– Скажите, госпожа Красовская, а смерть Анны… не показалась вам странной?
Взгляд крошечных глазок застыл на его лице.
– Сударь, я, право же, не понимаю, к чему подобные расспросы, – очень холодно промолвила госпожа Красовская.
– Они очень важны, – возразил следователь, – иначе, поверьте, я не взял бы на себя смелость беспокоить вас.
Госпожа Красовская с полминуты задумчиво смотрела на него, потом со вздохом изрекла: «Qu’il est ridicule!»[63] – и отвернулась. Положение спас молодой человек лет восемнадцати в гвардейской форме, который без стука вошел в комнату.
– Здравствуйте, маменька, – весело сказал он, целуя Красовской руку. – Что такое? У нас следователь? Как интересно! Неужели ты все-таки убила свою модистку? И поделом ей: нечего было столько драть за пошив платьев!
– Michel, je vous supplie[64], – тоном умирающей промолвила мать. – Этот господин пришел поговорить об Анне.
– А! – Молодой человек сразу же посерьезнел и повернулся к Александру. – И что же вам угодно знать о моей сестре?
Смущаясь, Зимородков повторил свой вопрос: насколько естественной была смерть Анны? Ведь ей было всего двадцать лет. Не заметили ли ее родственники чего-нибудь… необычного?
– А что тут может быть необычного? – спокойно сказала мать, пожимая плечами. – Бог дал, бог взял.
Молодой гвардеец метнул на нее хмурый взгляд, и по этому взгляду Саша сразу же понял, что от Мишеля будет куда больше проку, чем от его матери.
– Ты забыла о фон Винклере, – напомнил он.
– Ты имеешь в виду нашего врача? – удивилась мать.
– Да. – Мишель сжал губы. – Он ведь просил у папá позволения на вскрытие.
– Мишель! – возмутилась мать. – Как ты можешь говорить при мне о таких ужасных вещах!
– И тем не менее это правда, – мрачно ответил молодой человек. – Смерть Анны очень встревожила фон Винклера. Да и мне, – прибавил он, – она показалась… показалась совершенно неожиданной.
– Вскрытие было? – напрямик спросил Саша, которого чрезвычайно заинтересовал поворот разговора.
– Нет, – ответил Мишель, избегая его взгляда. – Маменька убедила папá, что в этом нет смысла. Да и священник был против.
Саша немного помедлил.
– А этот врач, фон Винклер, что-нибудь сказал? Как он обосновал свою… просьбу?
– Право же, это просто глупо, – сказала госпожа Красовская с видом мученицы.
– Нет, почему же, – возразил ее сын. – Фон Винклер сразу же дал понять, что подозревает отравление.
– И что было потом? – Саша затаил дыхание.
– А что могло быть? – удивился гвардеец. – Наша семья отказалась от его услуг, только и всего.

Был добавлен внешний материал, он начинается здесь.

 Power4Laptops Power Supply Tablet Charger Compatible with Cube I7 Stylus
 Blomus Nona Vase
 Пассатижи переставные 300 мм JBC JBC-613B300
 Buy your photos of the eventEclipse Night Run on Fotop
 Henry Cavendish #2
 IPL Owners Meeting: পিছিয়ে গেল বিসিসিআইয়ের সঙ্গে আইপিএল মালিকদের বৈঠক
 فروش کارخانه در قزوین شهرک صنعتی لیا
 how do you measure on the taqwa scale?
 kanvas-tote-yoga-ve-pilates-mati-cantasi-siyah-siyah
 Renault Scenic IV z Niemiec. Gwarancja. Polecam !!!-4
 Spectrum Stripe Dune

Да, трудно иметь дело с такими людьми.
– Это все вопросы? – осведомилась госпожа Красовская, поднимаясь с места. – Мне еще надо готовиться к вечернему балу. – Она улыбнулась. – Большое спасибо, господин следователь, что навестили нас. J’espére que vous кetes content de notre conversation[65]. До свидания.

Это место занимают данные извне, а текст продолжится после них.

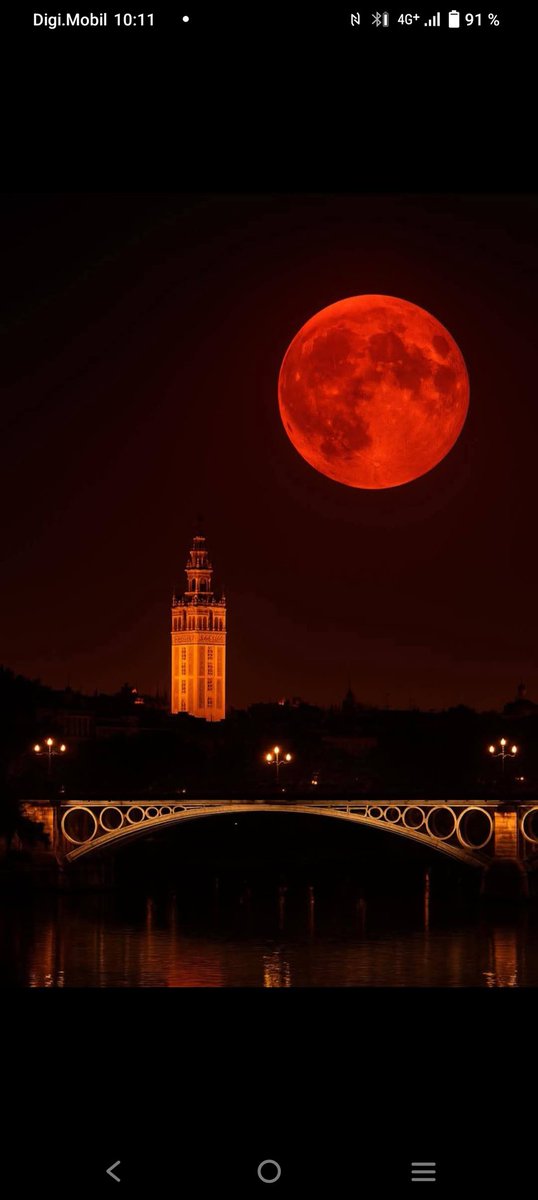 Buenas noches.
Sábado noche,si necesitas un taxi ya sabéis utilizar PIDETAXI.
WhatsApp 633 15 15 15
☎️☎️954 58 00 00☎️☎️
APP: PIDETAXI 
#catedraldesevilla #santajusta #aeropuertodesevilla  #depuertapuerta #sabadonoche
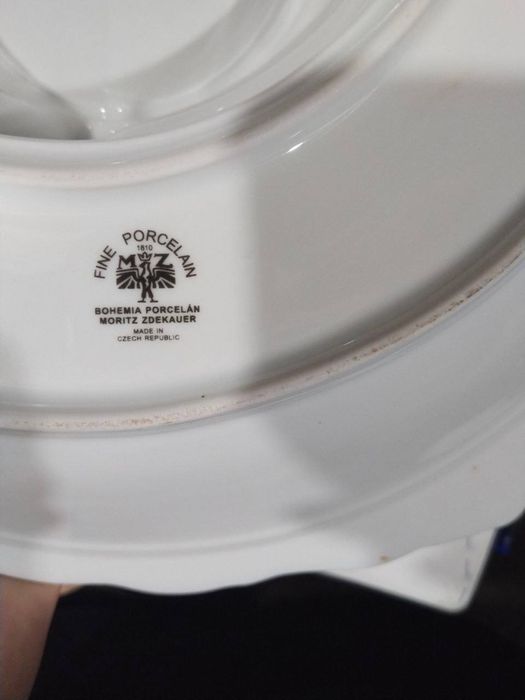 Chehiya madonna chinnisi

– Au revoir, madame[66], – пробормотал Саша, пятясь к дверям.
Выйдя из гостиной, он с облегчением выдохнул и вытер отчего-то ставший влажным лоб.
«Потрясающие люди! Врач их поставил в известность о своих подозрениях, а они, вместо того чтобы прислушаться к нему, взяли и выгнали его. Да и что это за мать такая, в самом деле? «Бог дал, бог взял»… Тьфу!»
– Подождите! – услышал Саша звонкий голос.
Обернувшись, он увидел Мишеля, который стремительно сбегал по лестнице вслед за ним.
– Постойте, господин следователь, – проговорил гвардеец, волнуясь. – Вы… – он глубоко вздохнул. – Скажите мне правду: вы считаете, что моя сестра была убита?
– Я не исключаю такой возможности, – осторожно ответил Зимородков. – Вы не согласитесь ответить на несколько моих вопросов? Обещаю вам, наша беседа останется строго между нами.